- What you will do
Please print, exactly as written, the line containing "Application of artificial" and each line after it through the end of the material; pictures stay out.

- Data extract
/---

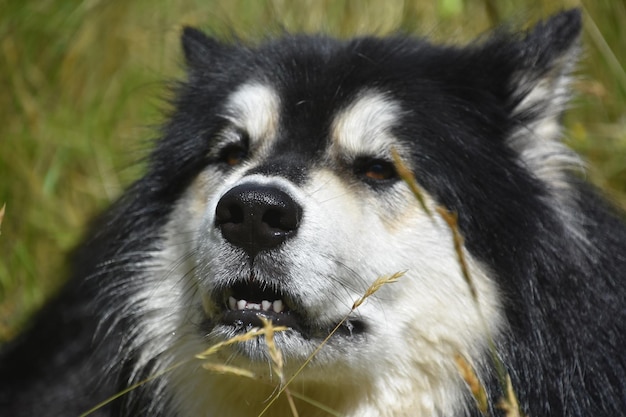 Kudłaty biało-czarny pies husky z bliska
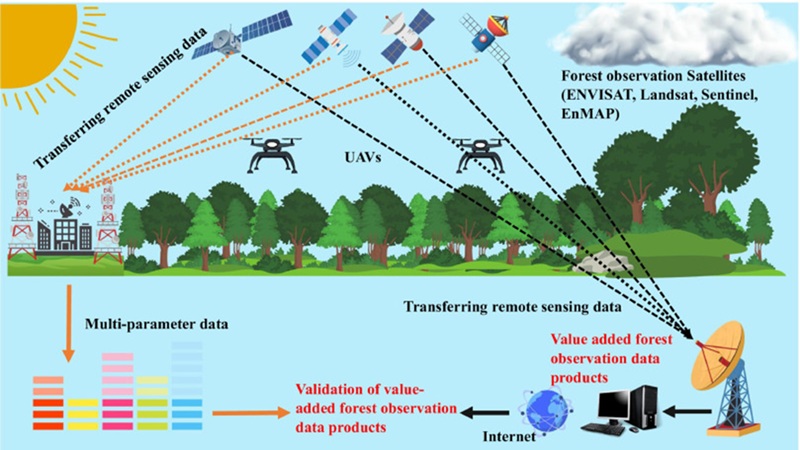 Application of artificial intelligence and remote sensing in forest monitoring: A new approach from Do Cong Ba’s research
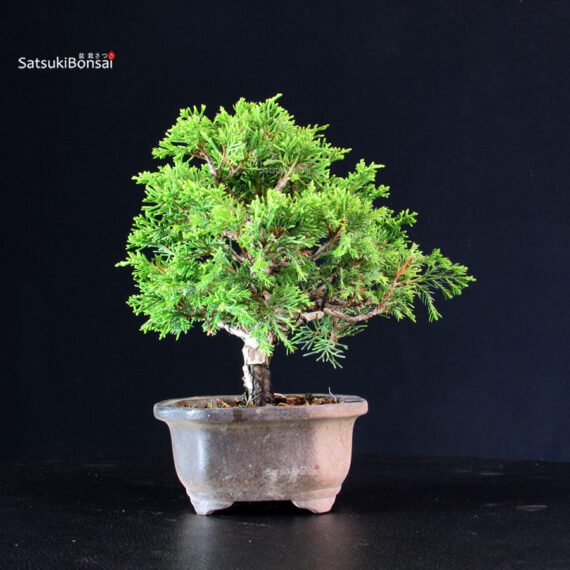 Juniperus Chinensis Itoigawa - immagine 4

\---

- Result below
 Application of artificial intelligence and remote sensing in forest monitoring: A new approach from Do Cong Ba’s research
 Juniperus Chinensis Itoigawa - immagine 4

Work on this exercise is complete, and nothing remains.